REQUIREMENT - Select from the data all lines with the word "White".

----------------

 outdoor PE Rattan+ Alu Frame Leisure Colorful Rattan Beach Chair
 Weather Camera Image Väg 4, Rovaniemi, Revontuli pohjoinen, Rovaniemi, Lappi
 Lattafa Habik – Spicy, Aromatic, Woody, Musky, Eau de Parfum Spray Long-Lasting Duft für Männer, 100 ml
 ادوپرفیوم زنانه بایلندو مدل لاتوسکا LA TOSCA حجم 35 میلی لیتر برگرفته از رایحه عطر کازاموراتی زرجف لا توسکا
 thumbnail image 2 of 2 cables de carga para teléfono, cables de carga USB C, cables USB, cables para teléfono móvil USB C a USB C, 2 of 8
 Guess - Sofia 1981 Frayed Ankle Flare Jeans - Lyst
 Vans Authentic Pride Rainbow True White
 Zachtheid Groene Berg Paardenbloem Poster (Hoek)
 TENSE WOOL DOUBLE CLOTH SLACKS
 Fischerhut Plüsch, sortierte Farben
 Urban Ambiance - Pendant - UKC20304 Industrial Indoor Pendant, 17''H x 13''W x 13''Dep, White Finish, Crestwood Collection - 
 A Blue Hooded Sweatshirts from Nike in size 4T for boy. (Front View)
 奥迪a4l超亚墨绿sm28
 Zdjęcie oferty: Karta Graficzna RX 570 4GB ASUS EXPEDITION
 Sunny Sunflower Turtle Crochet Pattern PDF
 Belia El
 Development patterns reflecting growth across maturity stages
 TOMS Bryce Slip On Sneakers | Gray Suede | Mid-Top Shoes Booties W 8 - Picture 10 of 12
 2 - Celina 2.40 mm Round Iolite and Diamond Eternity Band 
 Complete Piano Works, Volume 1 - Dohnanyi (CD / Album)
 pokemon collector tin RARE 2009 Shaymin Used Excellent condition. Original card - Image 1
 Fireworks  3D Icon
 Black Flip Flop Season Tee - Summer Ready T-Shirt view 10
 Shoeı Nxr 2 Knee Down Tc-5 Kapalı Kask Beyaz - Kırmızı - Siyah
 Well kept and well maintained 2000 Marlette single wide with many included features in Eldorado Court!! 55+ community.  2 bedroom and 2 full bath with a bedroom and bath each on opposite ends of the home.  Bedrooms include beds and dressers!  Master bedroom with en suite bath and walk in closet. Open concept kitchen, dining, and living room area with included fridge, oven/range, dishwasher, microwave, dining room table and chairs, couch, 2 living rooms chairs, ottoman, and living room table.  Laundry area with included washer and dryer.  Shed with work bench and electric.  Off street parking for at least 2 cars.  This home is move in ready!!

----------------

RESPONSE TO THE EXERCISE -
 Vans Authentic Pride Rainbow True White
 Urban Ambiance - Pendant - UKC20304 Industrial Indoor Pendant, 17''H x 13''W x 13''Dep, White Finish, Crestwood Collection - 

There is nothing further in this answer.